------ TASK DATA

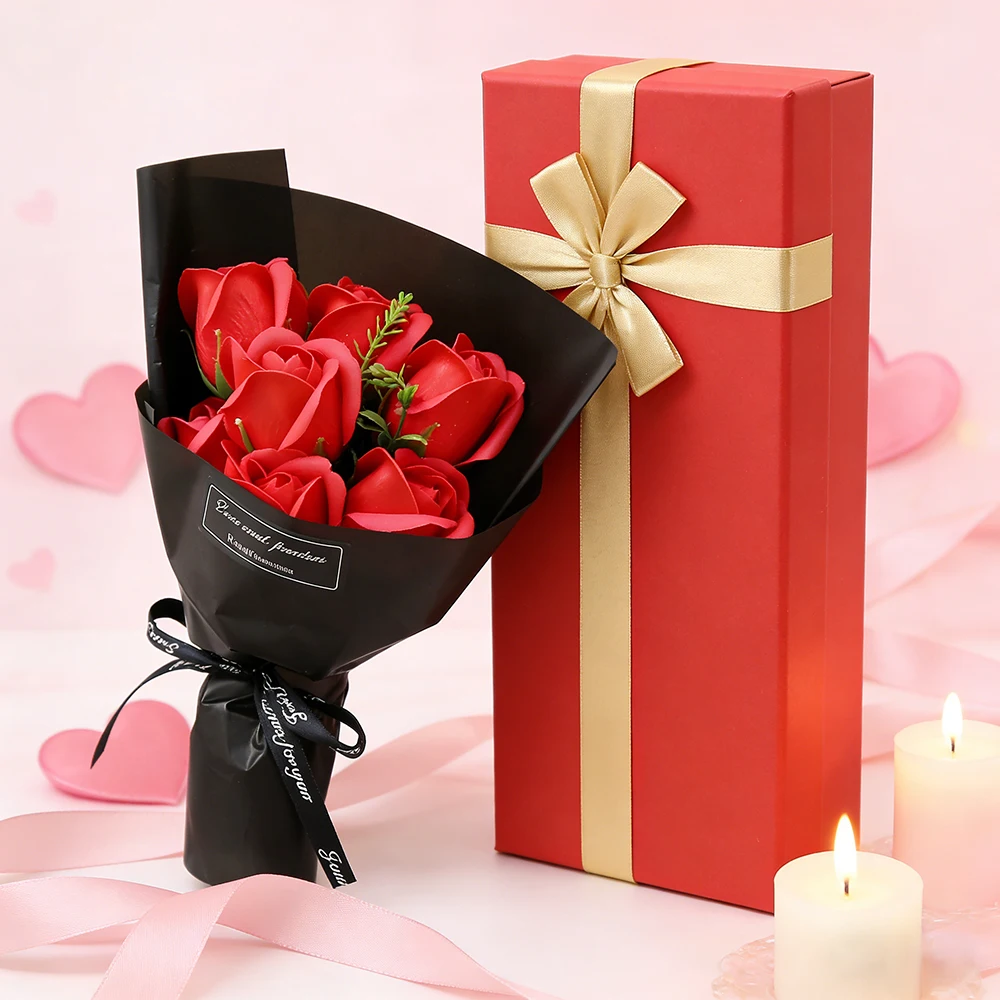 Valentinstag Geschenk Dekoration Rose Künstliche Blumen Blumenstrauß 24CM Gefälschte Blume für Freundin Geschenk Muttertag Dekor Blume – Detail 2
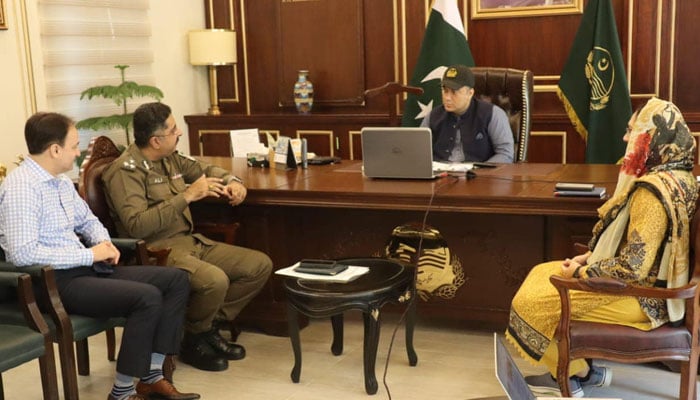 Commissioner Lahore Muhammad Ali Randhawa presides over a meeting to review the arrangements for Eidul Fitr, Vaisakhi Mela and Pakistan-New Zealand T20 cricket matches on April 9, 2024. — Facebook/Commissioner Lahore,Punjab.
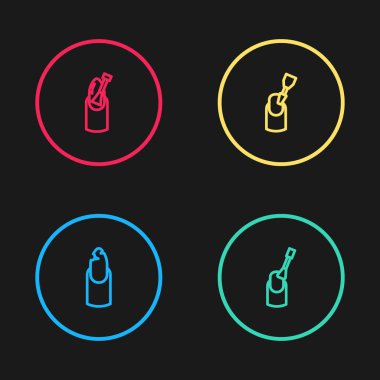 Kırık tırnak, çivi manikürü, değirmen biçme makinesi ve simgesi. Vektör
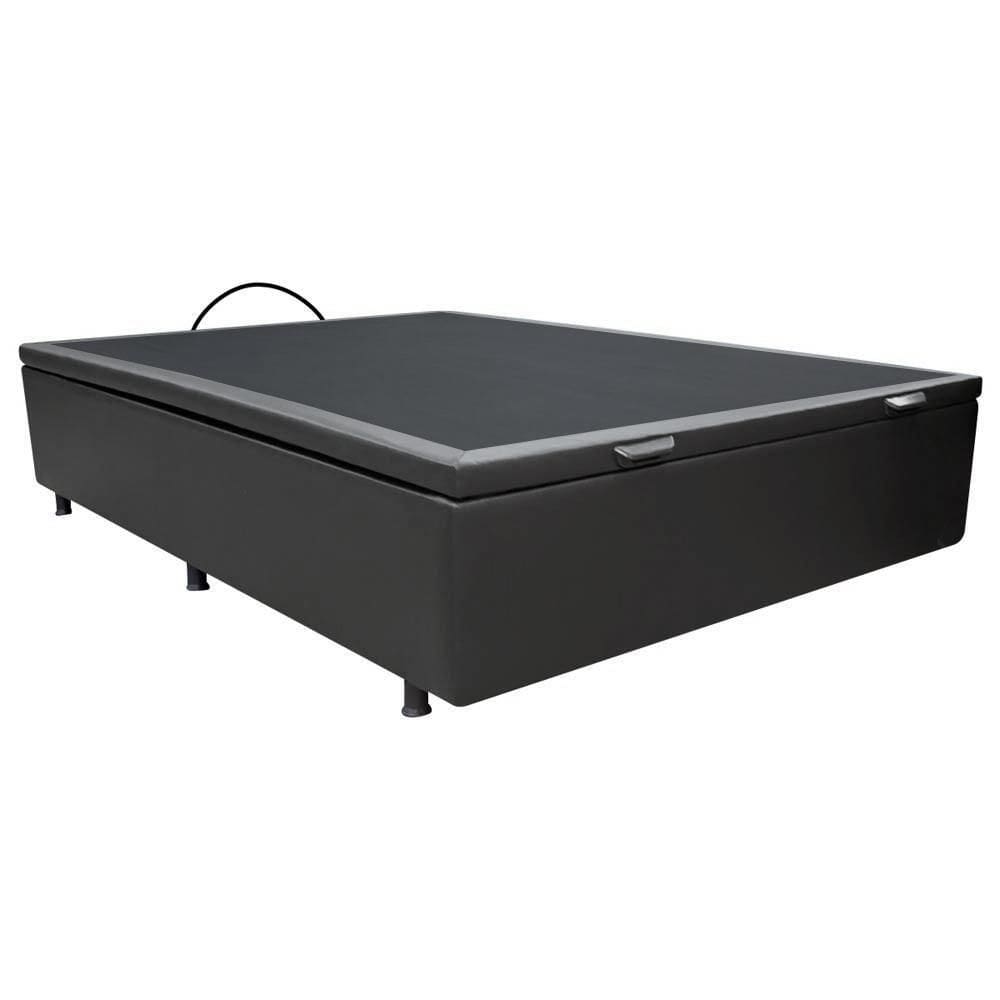 Base Box Baú Para Cama Casal 138x188cm Liz S05 Sintético Preto - Mpozenato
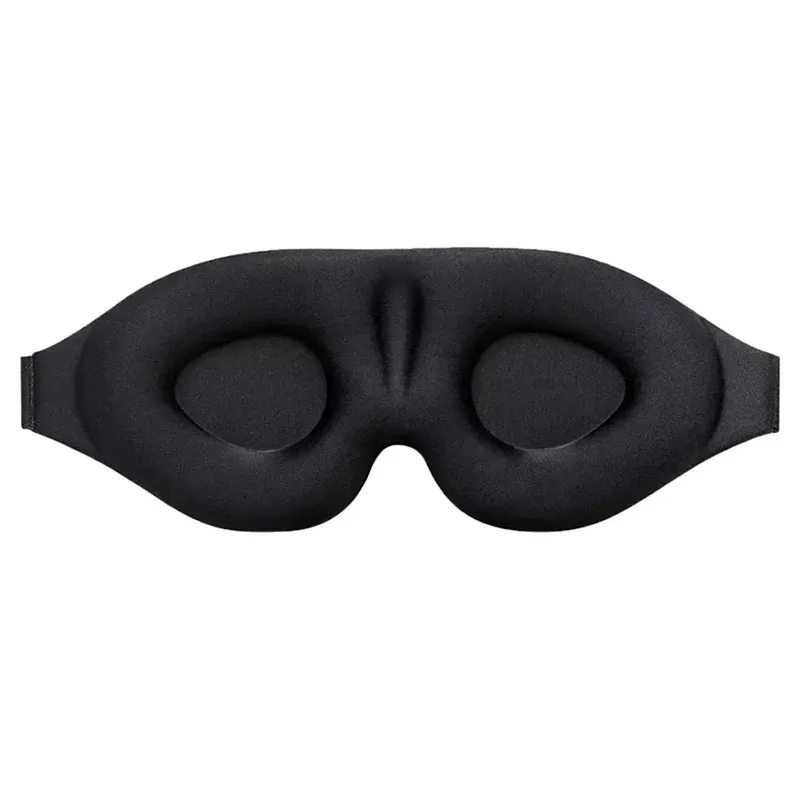 Masque de sommeil 3D réglable, unisexe, sans pression, respirant et occultant, noir 7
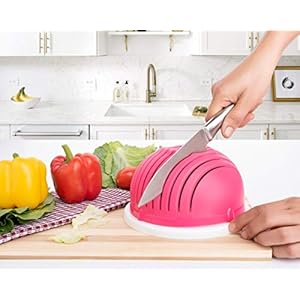 Mitron Multipurpose Salad Cutter Strainer/Vegetable, Fruits Cutting Bowl, Medium(Multicolour)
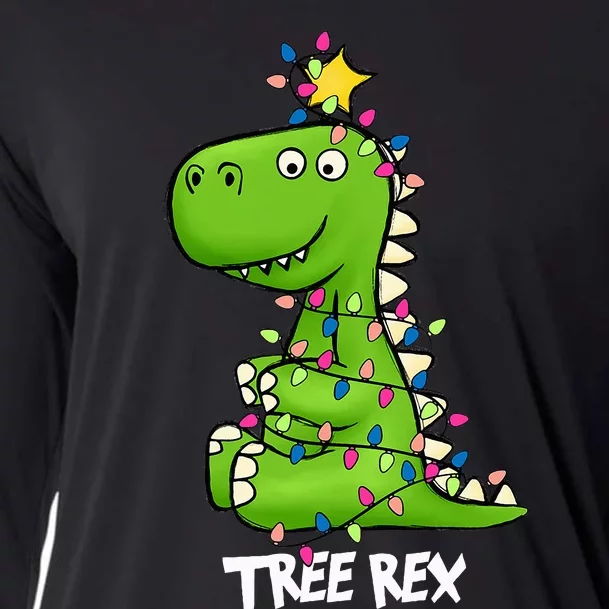 Tree Rex Xmas Trex Christmas Dinosaur Cooling Performance Long Sleeve Crew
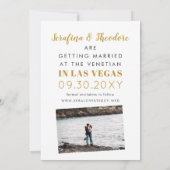 Las Vegas Wedding Sign Gold Foto Save the Date (Achterkant)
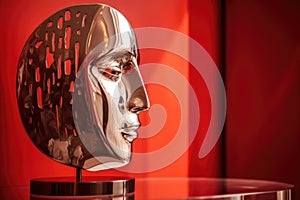 Close up of metallic face sculpture on red background, created using generative ai technology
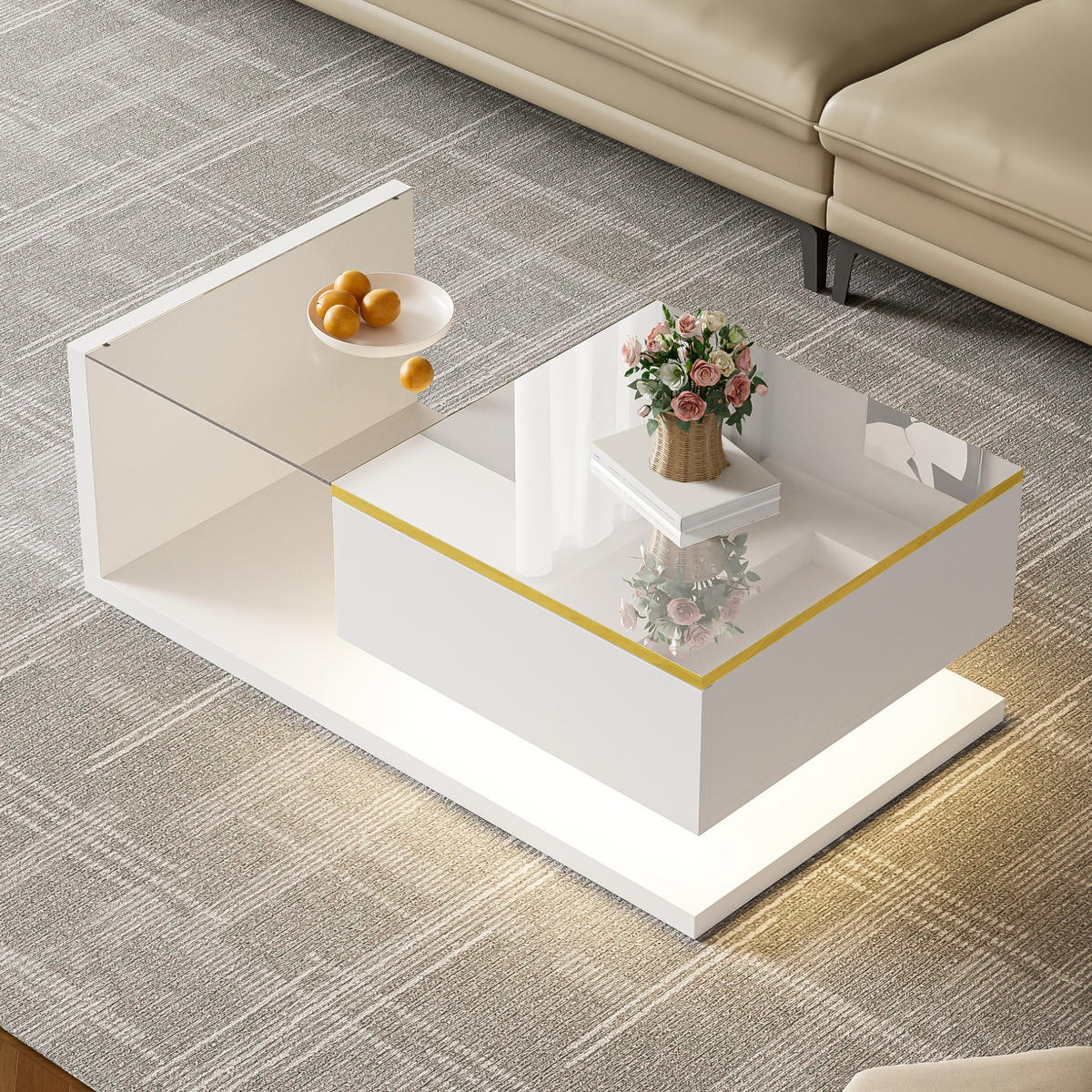 COUCHTISCH aus Spanplatte 90x50x32,5 cm in Weiß mit LED-Beleuchtung - Weiß, Holzwerkstoff (90/50/32.5cm) - Modfu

------------

• WORK TO BE COMPLETED
Reproduce the material exactly. Pictures stay out.

• RESPONSE TO THIS EXERCISE
 Valentinstag Geschenk Dekoration Rose Künstliche Blumen Blumenstrauß 24CM Gefälschte Blume für Freundin Geschenk Muttertag Dekor Blume – Detail 2
 Commissioner Lahore Muhammad Ali Randhawa presides over a meeting to review the arrangements for Eidul Fitr, Vaisakhi Mela and Pakistan-New Zealand T20 cricket matches on April 9, 2024. — Facebook/Commissioner Lahore,Punjab.
 Kırık tırnak, çivi manikürü, değirmen biçme makinesi ve simgesi. Vektör
 Base Box Baú Para Cama Casal 138x188cm Liz S05 Sintético Preto - Mpozenato
 Masque de sommeil 3D réglable, unisexe, sans pression, respirant et occultant, noir 7
 Mitron Multipurpose Salad Cutter Strainer/Vegetable, Fruits Cutting Bowl, Medium(Multicolour)
 Tree Rex Xmas Trex Christmas Dinosaur Cooling Performance Long Sleeve Crew
 Las Vegas Wedding Sign Gold Foto Save the Date (Achterkant)
 Close up of metallic face sculpture on red background, created using generative ai technology
 COUCHTISCH aus Spanplatte 90x50x32,5 cm in Weiß mit LED-Beleuchtung - Weiß, Holzwerkstoff (90/50/32.5cm) - Modfu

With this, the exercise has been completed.